Plus qu’un retour aux sources, c’est surtout une prise de conscience, aidée par les contes et les sages conseils du griot Papa Nsoah, que l’on est partout chez soi. Finalement, ce que Saraphina cherche, c’est sa place, et elle s’aperçoit que sa place, elle la porte en elle.
Tes filles ont-elles été tes premières lectrices pour cette histoire ? Comment l’ont-elles accueillie ?
Mes filles n’ont pas encore lu mon roman, qui vient tout juste de sortir (elles aiment lire mes romans quand ils sont sous leur forme définitive), mais nous en avons beaucoup parlé. Elles en connaissent la trame, les personnages, les thèmes. Ma deuxième fille (9 ans) m’a dit qu’elle avait un peu peur de le lire et de découvrir des choses sur Haïti qu’elle n’est peut-être pas encore prête à entendre… Quand nous avons lu ensemble les premières lignes du livre, elle a pleuré. Je n’ai pas insisté et lui laisse le temps : elle le lira quand elle le sentira.
Que voudrais-tu que l’on retienne de la lecture de ton roman ?
C’est un roman qui évoque des grands thèmes comme le racisme, l’esclavage, la pauvreté, la quête des origines ancestrales…

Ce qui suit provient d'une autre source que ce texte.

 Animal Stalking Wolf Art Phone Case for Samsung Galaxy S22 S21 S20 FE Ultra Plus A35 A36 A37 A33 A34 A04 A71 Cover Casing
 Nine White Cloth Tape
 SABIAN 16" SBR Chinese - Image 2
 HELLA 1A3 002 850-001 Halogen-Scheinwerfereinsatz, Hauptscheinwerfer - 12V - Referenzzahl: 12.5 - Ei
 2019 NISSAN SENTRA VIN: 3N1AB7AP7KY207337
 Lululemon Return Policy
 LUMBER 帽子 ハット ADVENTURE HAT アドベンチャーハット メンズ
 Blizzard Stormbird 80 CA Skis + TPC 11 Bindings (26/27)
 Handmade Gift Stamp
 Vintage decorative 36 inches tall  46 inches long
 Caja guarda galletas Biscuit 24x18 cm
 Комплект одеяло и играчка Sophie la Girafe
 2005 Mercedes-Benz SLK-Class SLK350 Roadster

C’est aussi un roman d’amour et d’amitié. C’est surtout un roman sur la quête identitaire, sujet qui me tient particulièrement à cœur.
J’espère que chaque enfant qui le lira retiendra qu’il est fondamental de voir l’autre dans son unicité et sa différence, sources de richesse.
J’espère aussi qu’il se questionnera sur l’importance de créer et renforcer sans cesse les liens qui permettent de s’adapter à son milieu. Parce que quand on est bien adapté, en harmonie avec les autres, son lieu de vie et surtout soi-même, tout en gardant en soi l’envie de découvrir le reste du monde et des hommes, c’est que notre place est la bonne.